See SplitDistributionSummarizer.configure for configuration options.

configure(**kwargs)

Configure rendition/mark-up.

Parameters:
  • set_edge_lengths (string) –

    For each edge, set the length based on:

    • ”support”: use support values split corresponding to edge
    • ”mean-length”: mean of edge lengths for split
    • ”median-length”: median of edge lengths for split
    • ”mean-age”: such that split age is equal to mean of ages
    • ”median-age”: such that split age is equal to mean of ages
    • None: do not set edge lengths
  • add_support_as_node_attribute (bool) – Adds each node’s support value as an attribute of the node, “support”.
  • add_support_as_node_annotation (bool) – Adds support as a metadata annotation, “support”. If add_support_as_node_attribute is True, then the value will be dynamically-bound to the value of the node’s “support” attribute.
  • set_support_as_node_label (bool) – Sets the label attribute of each node to the support value.
  • add_node_age_summaries_as_node_attributes (bool) –

    Summarizes the distribution of the ages of each node in the following attributes:

    • age_mean
    • age_median
    • age_sd
    • age_hpd95
    • age_range
  • add_node_age_summaries_as_node_annotations (bool) –

    Summarizes the distribution of the ages of each node in the following metadata annotations:

    • age_mean
    • age_median
    • age_sd
    • age_hpd95
    • age_range

    If add_node_age_summaries_as_node_attributes is True, then the values will be dynamically-bound to the corresponding node attributes.

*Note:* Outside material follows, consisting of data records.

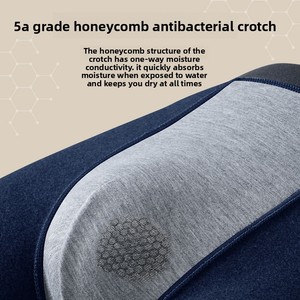 Caleçons thermiques confortables pour hommes grandes tailles, respirants, antibactériens et à séchage rapide, avec coupe ajustée et <span class=keywords><strong>taille</strong></span> mi-haute - Product Image 3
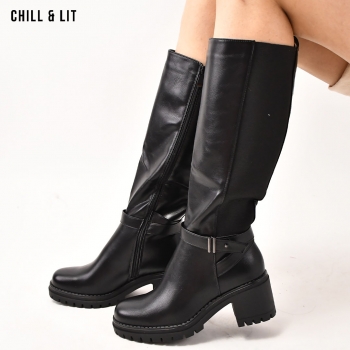 Bottes en Cuir Femme avec...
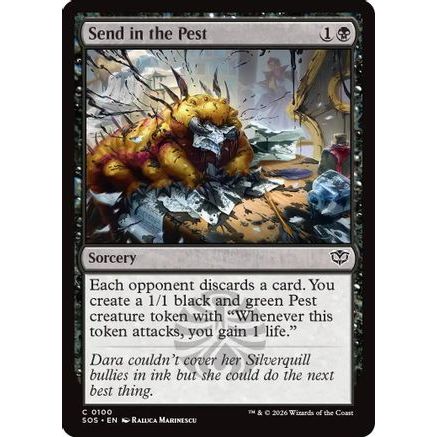 Send in the Pest (SOS-100) - Secrets of Strixhaven Foil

  • add_edge_length_summaries_as_edge_attributes (bool) –

    Summarizes the distribution of the lengths of each edge in the following attribtutes:

    • length_mean
    • length_median
    • length_sd
    • length_hpd95
    • length_range
  • add_edge_length_summaries_as_edge_annotations (bool) –

    Summarizes the distribution of the lengths of each edge in the following metadata annotations:

    • length_mean
    • length_median
    • length_sd
    • length_hpd95
    • length_range

    If add_edge_length_summaries_as_edge_attributes is True, then the values will be dynamically-bound to the corresponding edge attributes.

  • support_label_decimals (int) – Number of decimal places to express when rendering the support value as a string for the node label.
  • support_as_percentages (bool) – Whether or not to express the support value as percentages (default is probability or proportion).
  • minimum_edge_length (numeric) – All edge lengths calculated to have a value less than this will be set to this.
  • error_on_negative_edge_lengths (bool) – If True, an inferred edge length that is less than 0 will result in a ValueError.